With double keying, it is possible for third-party cookies to be stored and retrieved, these third-party cookies cannot be used for tracking across websites.

I think this policy is notable in that it keeps third-party cookies enabled but also prevents tracking. Thus third-party cookies function properly for many use cases. I would like to suggest adding this policy to the discussion of examples in RFC6265 section 7.1, "Third-party cookies." After the sentence,

Others refuse to process the Set-Cookie header in responses to third-party requests.

it might be of helpful to add something like

Still others store third-party cookies loaded by different first-party domains into separate cookie databases, to prevent cross-site tracking.

@mikewest mikewest added the 6265bis label Oct 12, 2016
@mikewest mikewest self-assigned this Oct 12, 2016
@mikewest mikewest added the editorial label Oct 12, 2016



Better than that, in Firefox we have the ability to segment/compartmentalize based on user categorization of tabs (which uses the same underlying mechanism, which we call origin attributes; "extended origin" was already taken).

That means that there are multiple criteria that we might use to partition cookies: primary origin, top-level browsing context origin, "container", user profile, etc... Maybe this needs to be a even more generic:

Clients might refuse to process cookies or segregate cookies based on context. This might be done to prevent correlation of requests between separate contexts. For instance, cookies sent to a browser in a third-party context might be separated based on the first-party context.
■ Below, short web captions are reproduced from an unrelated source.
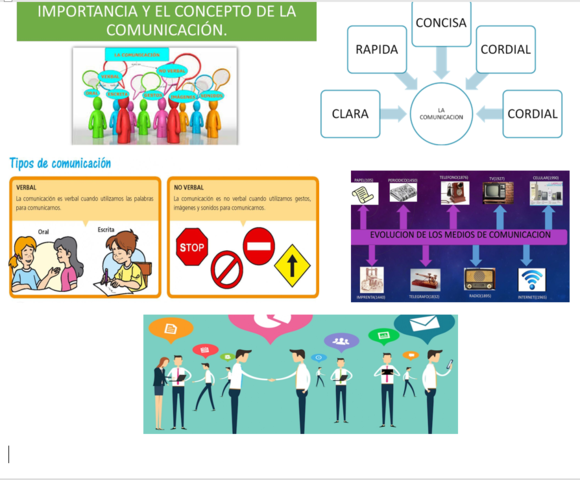 Imágenes de la comunicación.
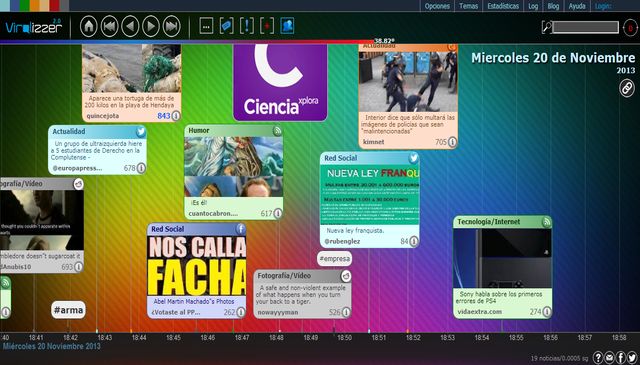 ViraliZzer, los contenidos más virales de la red vistos gráficamente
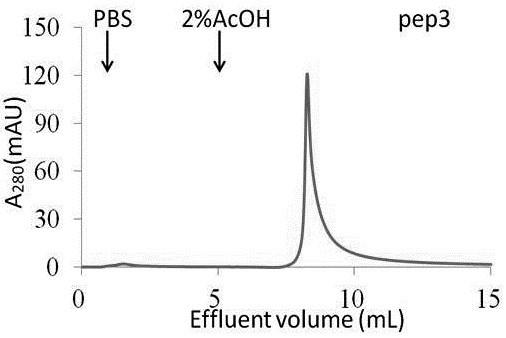 Application of hydrophobic cyclic peptide ligand in purification of human immunoglobulin G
(Your words are likely to be better here.)


It would be useful to have an attribute in the Set-Cookie header so origins can specify double keying if the user agent supports it.

Set-Cookie: {name}={value};doubleKeyed;hhpOnly etc....



Set-Cookie: {name}={value};doubleKeyed;httpOnly;secure etc....

mnot commented Nov 23, 2016

Actually, after thinking about it, it's not the same.

The SameSite attribute says only send this cookie in a request when it is same origin as the top-level browsing context - effectively the server is asking for a "third-party cookie block" for this cookie.

I was thinking of the doubleKeyed cookie idea where there is a separate cookie store for the parent contexts, which would allow a lot of functionality but mitigate cross-origin tracking. If this supported as a user option in the UA why not extend it as a server option also allowing sites to help protect user's privacy.

Maybe there is a halfway house where you could constrain sending back cookies to same context i.e. the chain of descendent origins is the same as when the cookie was stored

is not "same context" as
other-toplevel.com->cookiedwidgit.com etc.